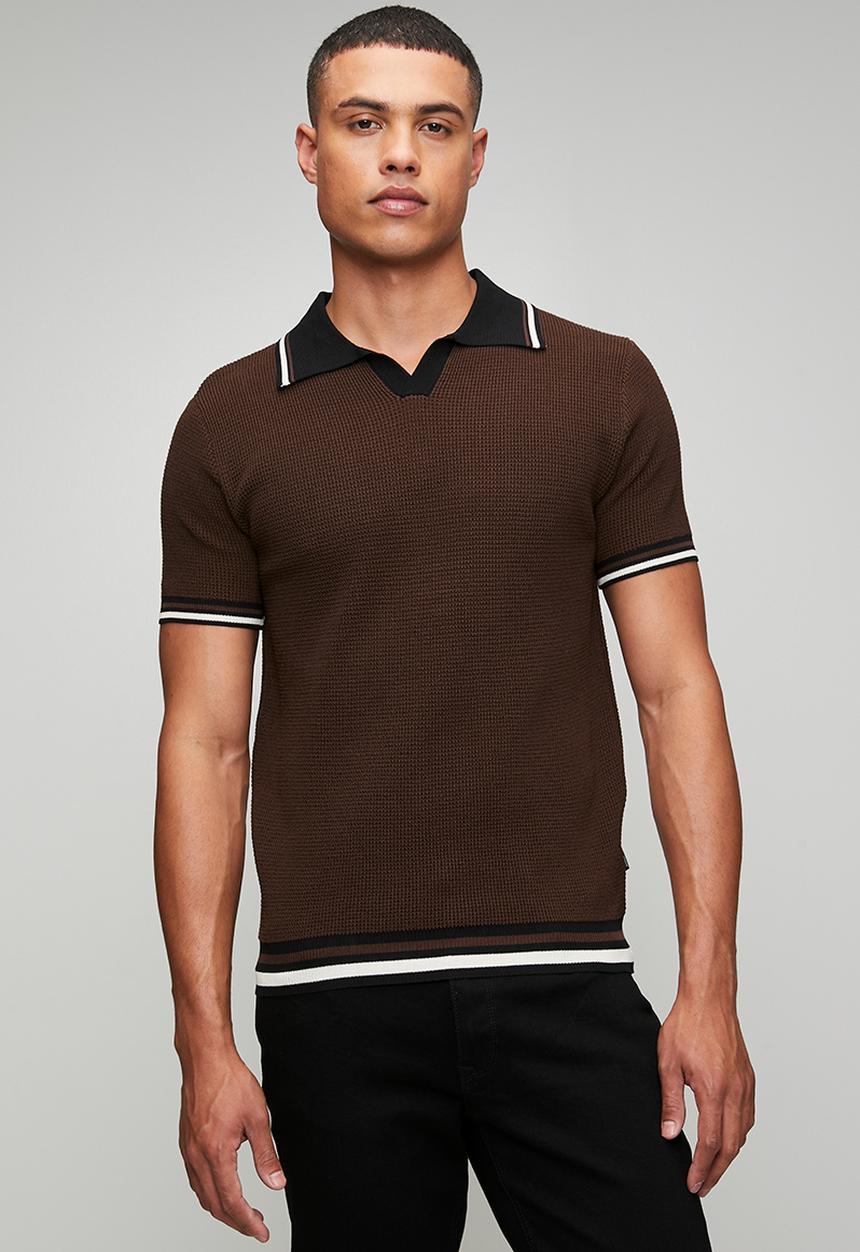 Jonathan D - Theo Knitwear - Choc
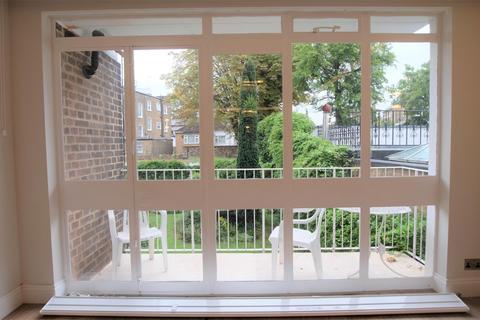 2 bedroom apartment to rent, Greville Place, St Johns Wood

==

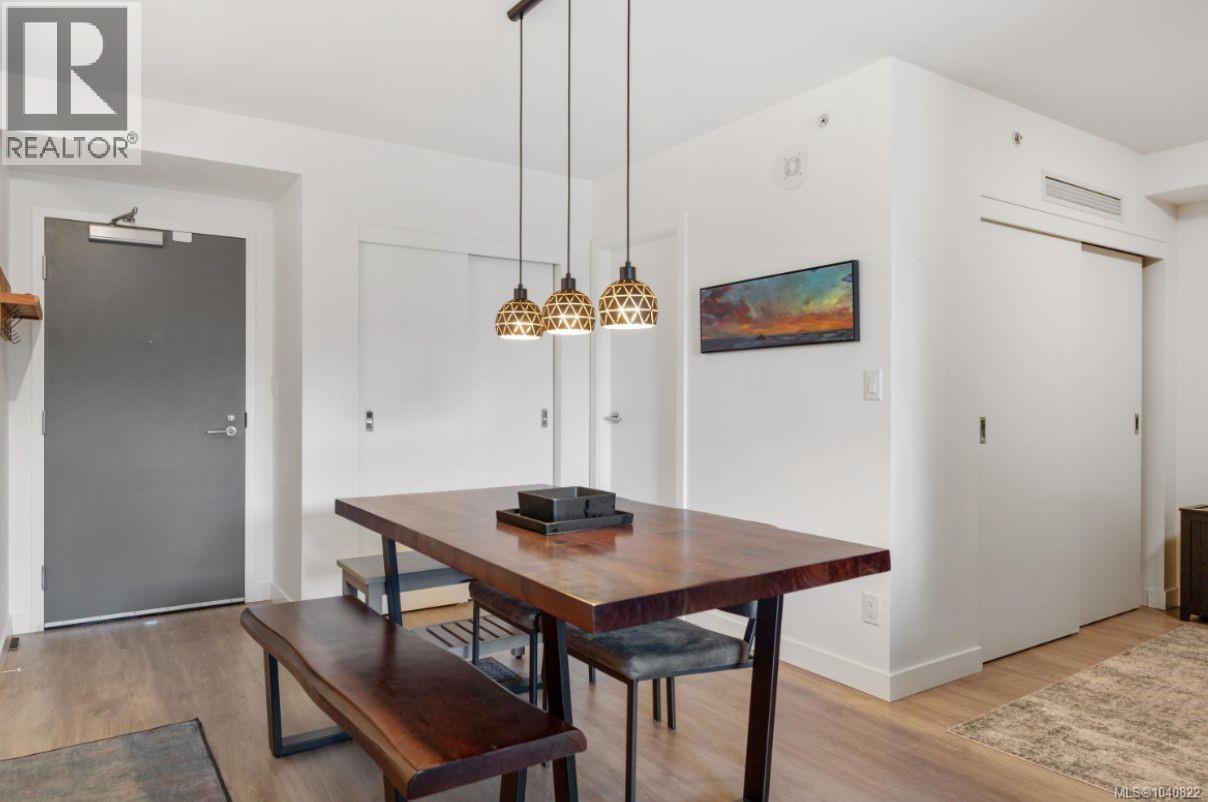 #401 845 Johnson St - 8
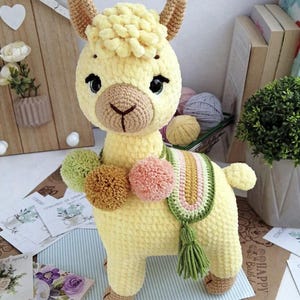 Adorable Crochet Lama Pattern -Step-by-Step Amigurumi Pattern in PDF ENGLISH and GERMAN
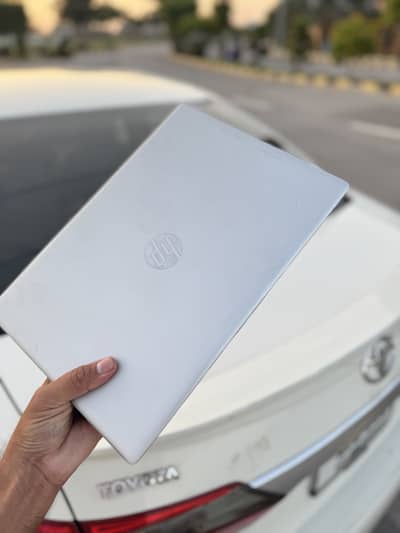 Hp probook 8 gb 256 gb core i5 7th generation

* Your instructions
The line holding "Jonathan D - Theo Knitwear - Choc" starts the copy and the line holding "2 bedroom apartment" ends it. Repeat those two lines above and all between them exactly, leaving out pictures.

* Expected answer
 Jonathan D - Theo Knitwear - Choc
 2 bedroom apartment to rent, Greville Place, St Johns Wood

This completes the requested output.